Stored data:
------------------------------------------------------------------------
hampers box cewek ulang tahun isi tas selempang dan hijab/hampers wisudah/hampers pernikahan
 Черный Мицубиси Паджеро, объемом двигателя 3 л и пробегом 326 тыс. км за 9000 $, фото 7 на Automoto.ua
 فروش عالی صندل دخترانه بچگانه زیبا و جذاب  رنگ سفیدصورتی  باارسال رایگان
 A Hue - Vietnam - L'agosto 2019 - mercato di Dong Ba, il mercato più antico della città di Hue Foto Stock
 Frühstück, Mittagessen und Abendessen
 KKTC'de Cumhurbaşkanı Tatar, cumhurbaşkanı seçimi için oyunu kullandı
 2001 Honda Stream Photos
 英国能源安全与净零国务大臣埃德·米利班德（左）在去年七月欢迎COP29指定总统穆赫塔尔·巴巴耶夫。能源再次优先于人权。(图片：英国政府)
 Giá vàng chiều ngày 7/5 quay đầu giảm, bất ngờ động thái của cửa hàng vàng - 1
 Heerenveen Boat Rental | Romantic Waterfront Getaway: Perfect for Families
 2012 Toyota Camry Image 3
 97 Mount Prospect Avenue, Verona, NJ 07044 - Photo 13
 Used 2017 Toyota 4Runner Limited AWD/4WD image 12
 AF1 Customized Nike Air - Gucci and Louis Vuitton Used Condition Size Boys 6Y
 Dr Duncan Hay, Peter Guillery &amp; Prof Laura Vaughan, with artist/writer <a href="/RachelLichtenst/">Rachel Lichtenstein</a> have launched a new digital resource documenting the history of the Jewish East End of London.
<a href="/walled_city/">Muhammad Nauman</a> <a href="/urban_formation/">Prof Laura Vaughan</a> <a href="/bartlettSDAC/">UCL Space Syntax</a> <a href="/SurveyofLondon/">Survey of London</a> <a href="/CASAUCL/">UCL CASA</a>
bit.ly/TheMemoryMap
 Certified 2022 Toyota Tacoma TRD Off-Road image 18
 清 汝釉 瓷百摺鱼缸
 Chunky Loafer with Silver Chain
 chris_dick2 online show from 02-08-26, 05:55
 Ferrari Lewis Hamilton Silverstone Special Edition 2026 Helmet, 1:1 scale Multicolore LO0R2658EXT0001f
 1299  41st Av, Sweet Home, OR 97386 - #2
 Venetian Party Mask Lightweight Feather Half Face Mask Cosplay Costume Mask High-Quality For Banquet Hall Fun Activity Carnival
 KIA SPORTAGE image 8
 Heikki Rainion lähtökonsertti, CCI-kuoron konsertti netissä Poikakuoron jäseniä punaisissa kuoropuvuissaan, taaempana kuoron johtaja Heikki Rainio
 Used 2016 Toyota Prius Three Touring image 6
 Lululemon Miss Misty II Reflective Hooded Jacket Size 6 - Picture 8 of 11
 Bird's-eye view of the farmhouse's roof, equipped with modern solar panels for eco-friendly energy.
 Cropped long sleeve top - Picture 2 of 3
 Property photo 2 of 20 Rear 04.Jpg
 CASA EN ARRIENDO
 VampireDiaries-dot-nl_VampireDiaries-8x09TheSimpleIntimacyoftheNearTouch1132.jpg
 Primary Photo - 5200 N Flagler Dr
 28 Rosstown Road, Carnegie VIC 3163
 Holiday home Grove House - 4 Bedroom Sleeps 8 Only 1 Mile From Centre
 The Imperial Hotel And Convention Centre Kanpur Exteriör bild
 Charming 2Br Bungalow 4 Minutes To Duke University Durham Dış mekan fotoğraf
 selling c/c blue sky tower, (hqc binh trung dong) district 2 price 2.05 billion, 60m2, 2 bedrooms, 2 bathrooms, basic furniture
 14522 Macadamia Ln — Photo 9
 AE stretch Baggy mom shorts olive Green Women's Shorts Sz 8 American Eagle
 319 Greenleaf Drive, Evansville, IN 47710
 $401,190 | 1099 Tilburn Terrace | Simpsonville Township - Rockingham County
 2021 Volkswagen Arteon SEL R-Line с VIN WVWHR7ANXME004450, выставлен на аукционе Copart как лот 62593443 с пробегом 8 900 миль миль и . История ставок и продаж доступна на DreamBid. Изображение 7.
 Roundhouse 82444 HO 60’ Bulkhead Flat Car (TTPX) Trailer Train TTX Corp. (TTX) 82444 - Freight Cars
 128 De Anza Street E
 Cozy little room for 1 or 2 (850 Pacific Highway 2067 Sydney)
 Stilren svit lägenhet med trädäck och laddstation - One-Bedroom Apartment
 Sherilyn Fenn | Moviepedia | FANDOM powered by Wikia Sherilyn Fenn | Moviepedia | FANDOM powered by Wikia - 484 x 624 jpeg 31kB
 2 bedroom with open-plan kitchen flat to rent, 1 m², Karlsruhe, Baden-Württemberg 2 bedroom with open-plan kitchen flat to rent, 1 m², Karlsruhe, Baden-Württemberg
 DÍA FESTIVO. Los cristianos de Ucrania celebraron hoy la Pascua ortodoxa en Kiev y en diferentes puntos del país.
------------------------------------------------------------------------
If a line in the entries holds the string "пробегом", copy it.

(ANSWER BELOW):
 Черный Мицубиси Паджеро, объемом двигателя 3 л и пробегом 326 тыс. км за 9000 $, фото 7 на Automoto.ua
 2021 Volkswagen Arteon SEL R-Line с VIN WVWHR7ANXME004450, выставлен на аукционе Copart как лот 62593443 с пробегом 8 900 миль миль и . История ставок и продаж доступна на DreamBid. Изображение 7.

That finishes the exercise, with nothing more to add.